◆ **What the task requires**: Nothing but the lines below from the first through the one with "HYSDPUZK Halloween Hooded" should appear, printed exactly; please leave pictures out.

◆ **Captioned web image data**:
------------------------------------------------
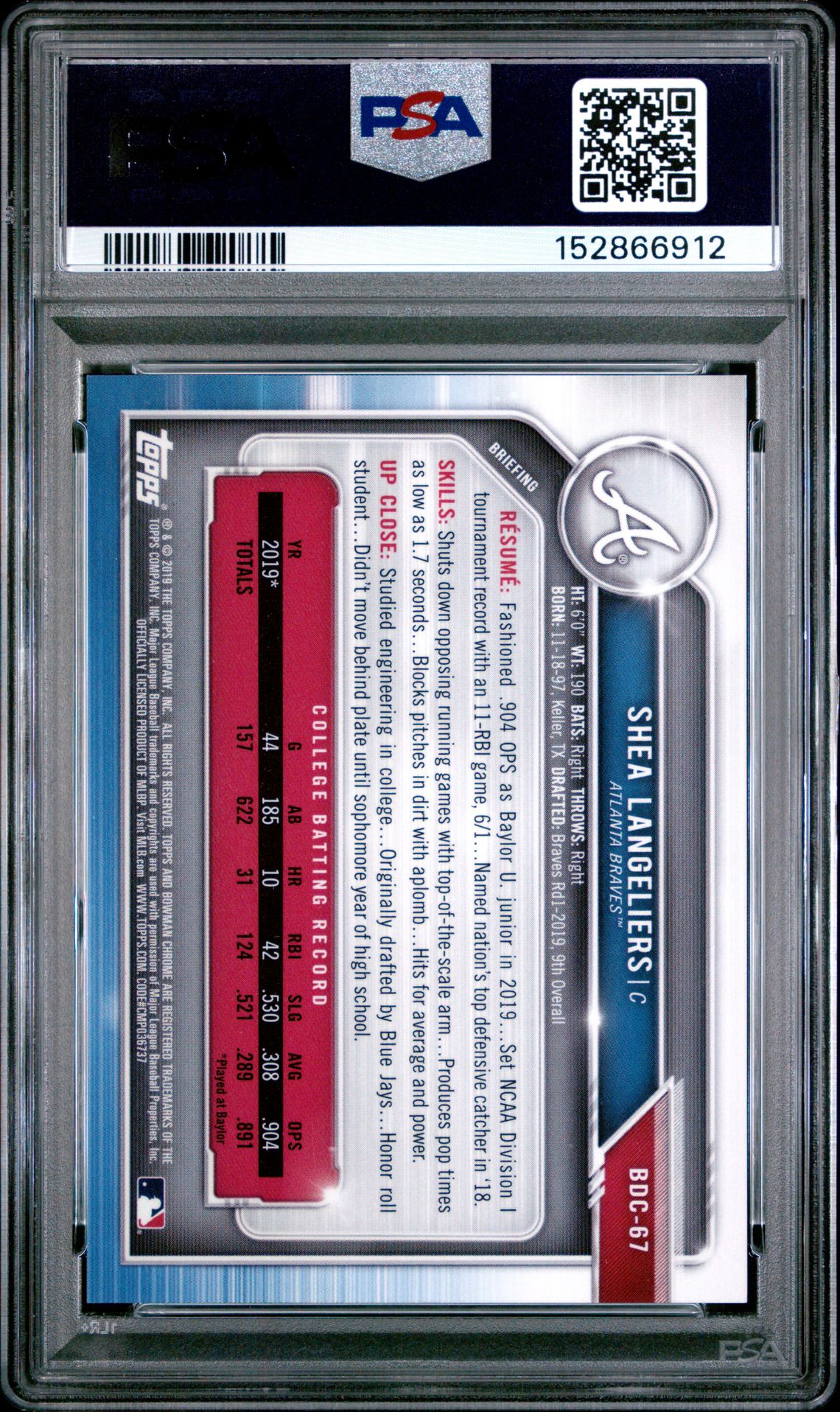 2019 Bowman Draft Shea Langeliers #Bdc67 (Chrome-Batting-Blue Ref.) Gem Mt 10 back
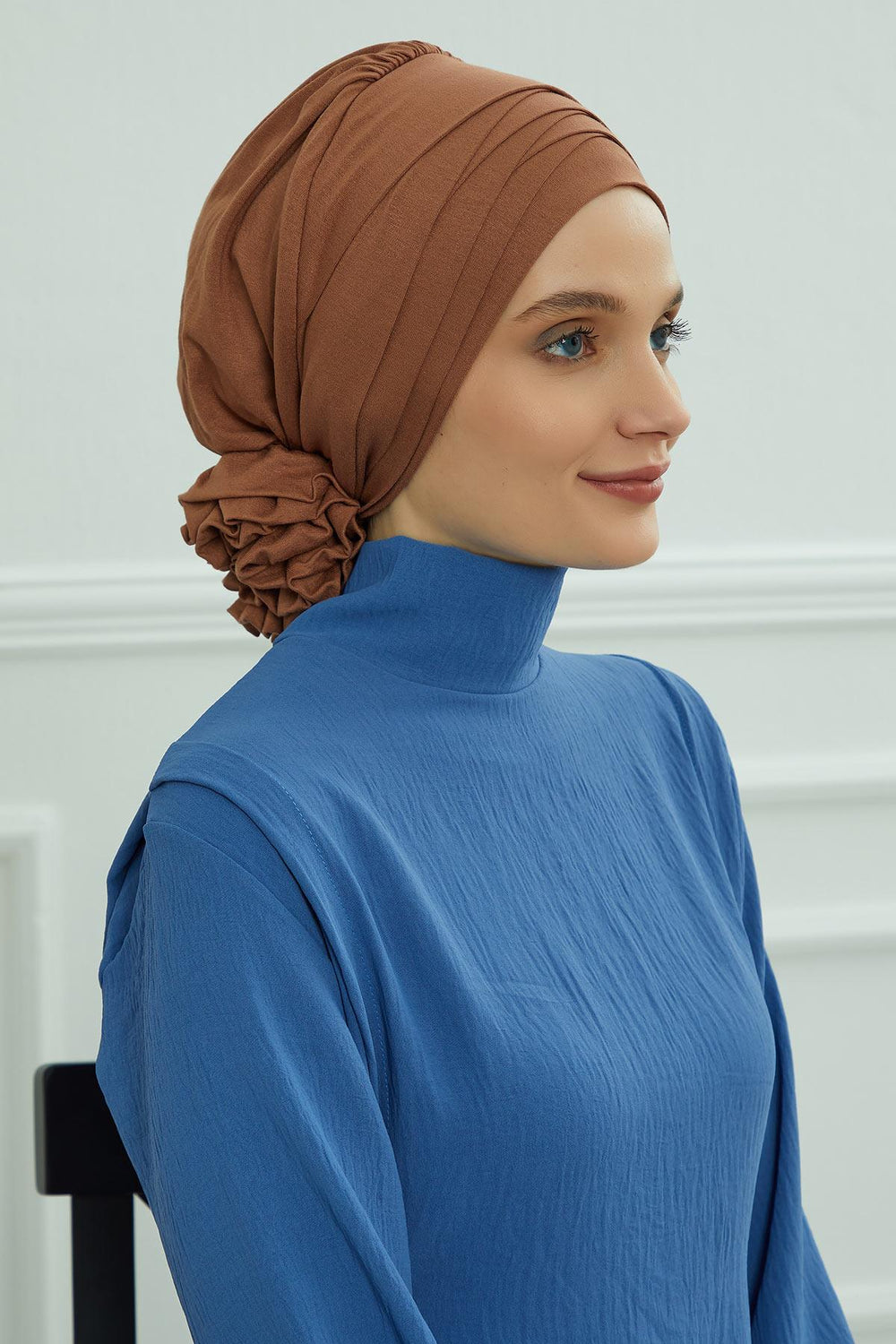 Chic Cross-Front Style Instant Turban Easy to Wear Cotton Stretch Headwrap, Elegant Modest Headwear, Versatile Pre-Tied Hijab for Women,B-14 Caramel Brown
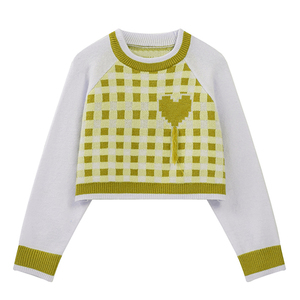 OEM/ODM <span class=keywords><strong>Pull</strong></span> tricoté jacquard à carreaux de haute qualité pour jeunes filles Top Preppy Design Ladies Pullovers Woman Sweater - Product Image 3
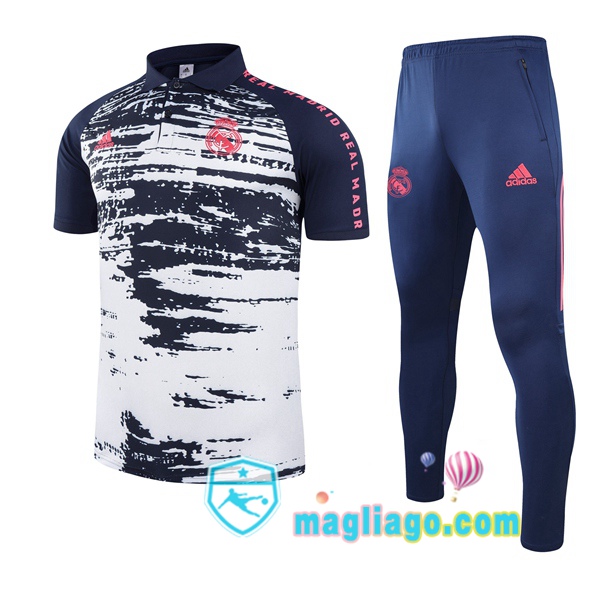 Magliago - Passione Maglie Thai Affidabili Basso Costo Online Shop | Real Madrid Polo Maglia Uomo + Pantaloni Bianco Blu 2021/2022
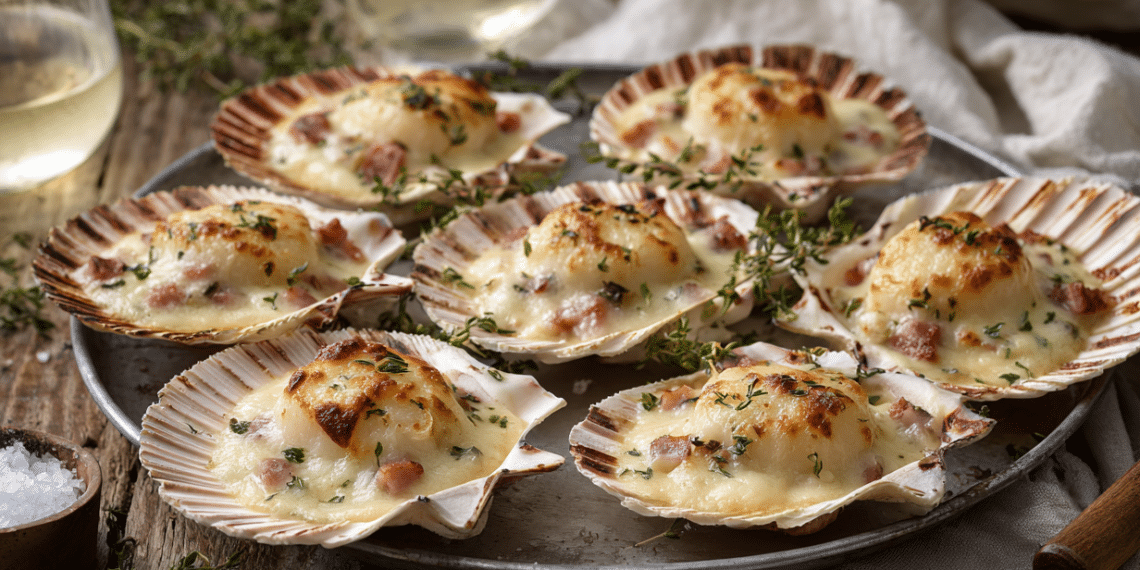Baked Scallops With Mushrooms And Béchamel Sauce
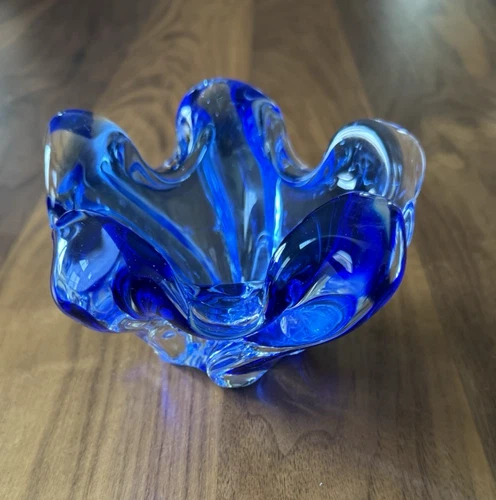 Godinger Cobalt Blue Art Glass Murano Style Sommerso Bowl 6.5” Wide Centerpiece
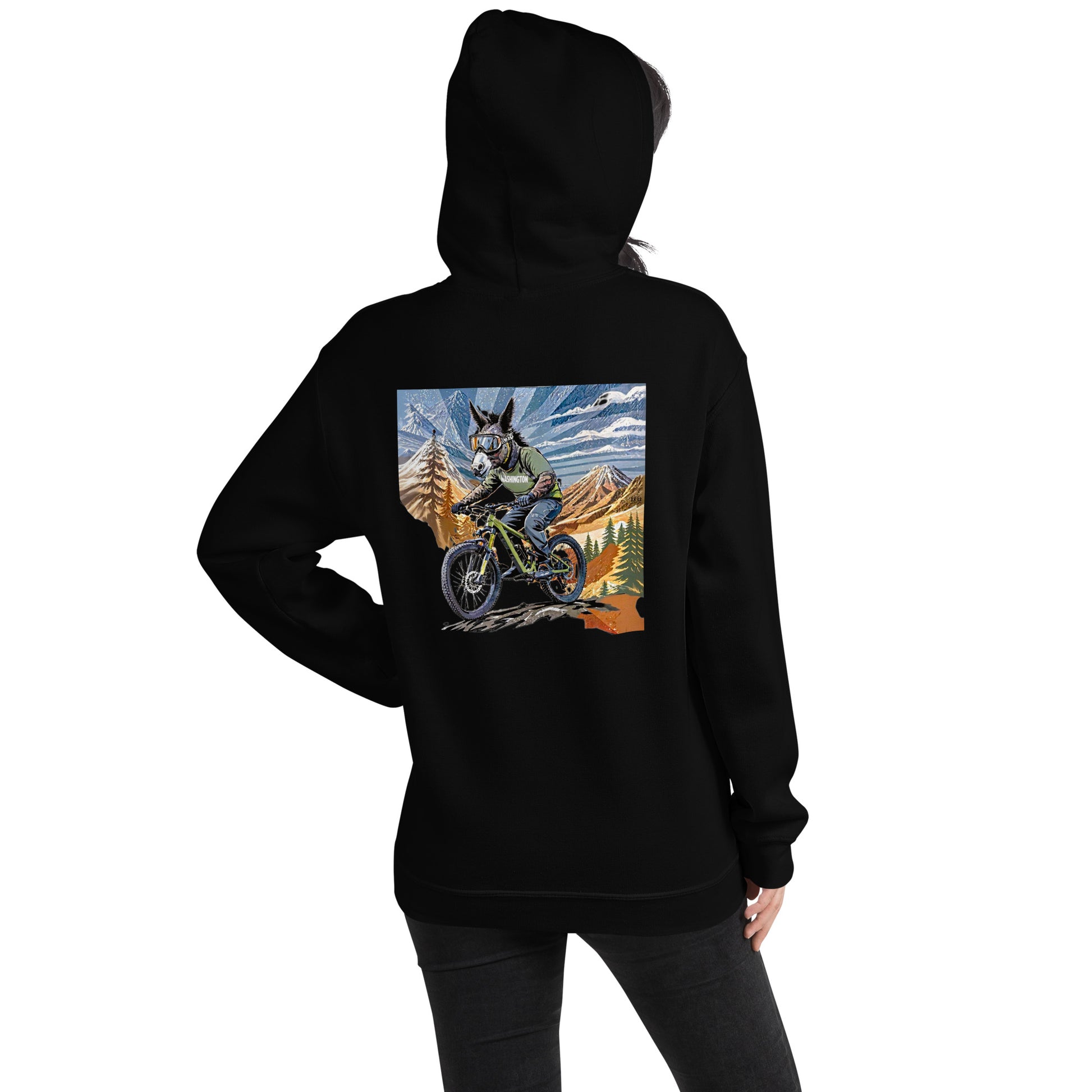 Black hoodie with a colorful graphic on the back, worn by a person.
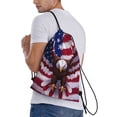 thumbnail image 6 of Hirioo USA Eagle with Spread Wings Print Drawstring Backpack Bag Sport Versatile Sports Backpack for Gym, Travel, Swimming, Beach, 6 of 9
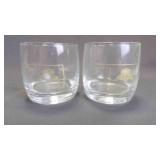 2 Clear Crown Royal Tumbler Glasses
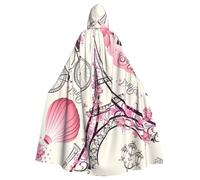 HYSDPUZK Halloween Hooded Cloak For Unisex Adults Fun Romantic Paris Tower Bicycle Print Party & Cosplay Capeâ€‹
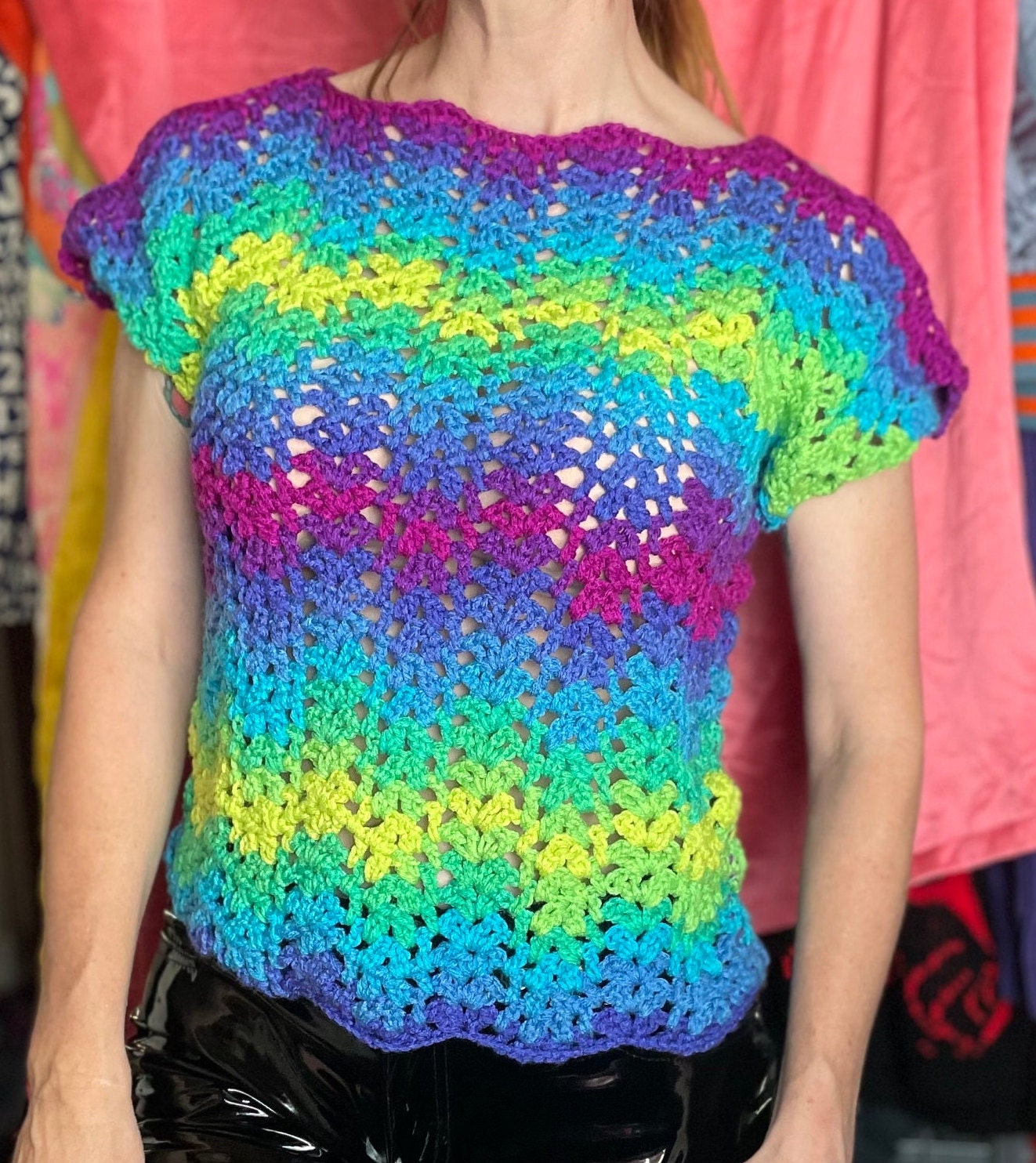 vtv 70s NEON CROCHET SWEATER // vintage hand made knit short sleeve psychedelic top cut out cold shoulder y2k funky brat style bright loud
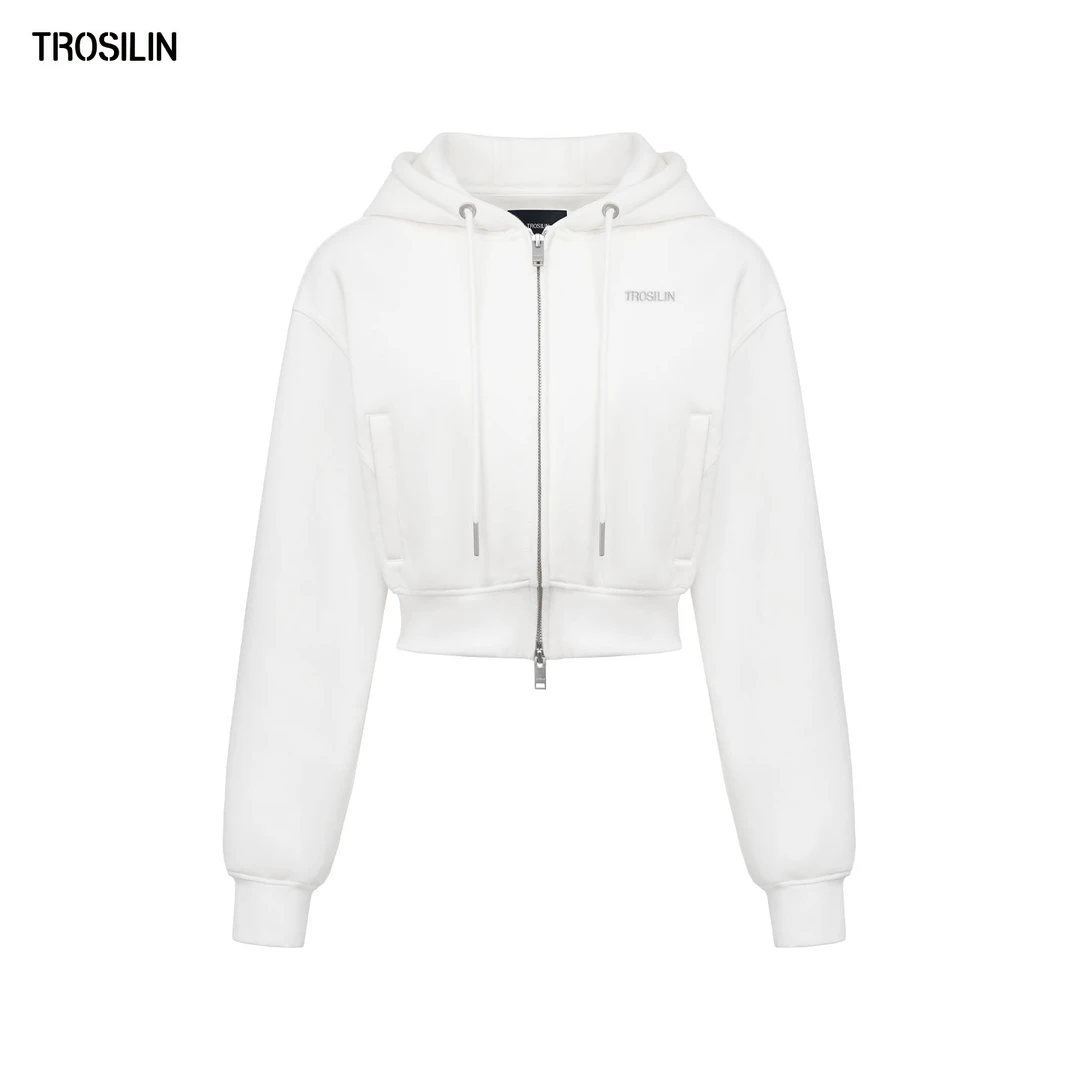 TROSILIN-2025秋冬新品 短款连帽卫衣拉链开衫外套A2508SS026WH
------------------------------------------------
◆ **Task solution**:
 2019 Bowman Draft Shea Langeliers #Bdc67 (Chrome-Batting-Blue Ref.) Gem Mt 10 back
 Chic Cross-Front Style Instant Turban Easy to Wear Cotton Stretch Headwrap, Elegant Modest Headwear, Versatile Pre-Tied Hijab for Women,B-14 Caramel Brown
 OEM/ODM <span class=keywords><strong>Pull</strong></span> tricoté jacquard à carreaux de haute qualité pour jeunes filles Top Preppy Design Ladies Pullovers Woman Sweater - Product Image 3
 Magliago - Passione Maglie Thai Affidabili Basso Costo Online Shop | Real Madrid Polo Maglia Uomo + Pantaloni Bianco Blu 2021/2022
Baked Scallops With Mushrooms And Béchamel Sauce
 Godinger Cobalt Blue Art Glass Murano Style Sommerso Bowl 6.5” Wide Centerpiece
 Black hoodie with a colorful graphic on the back, worn by a person.
 thumbnail image 6 of Hirioo USA Eagle with Spread Wings Print Drawstring Backpack Bag Sport Versatile Sports Backpack for Gym, Travel, Swimming, Beach, 6 of 9
 2 Clear Crown Royal Tumbler Glasses
 HYSDPUZK Halloween Hooded Cloak For Unisex Adults Fun Romantic Paris Tower Bicycle Print Party & Cosplay Capeâ€‹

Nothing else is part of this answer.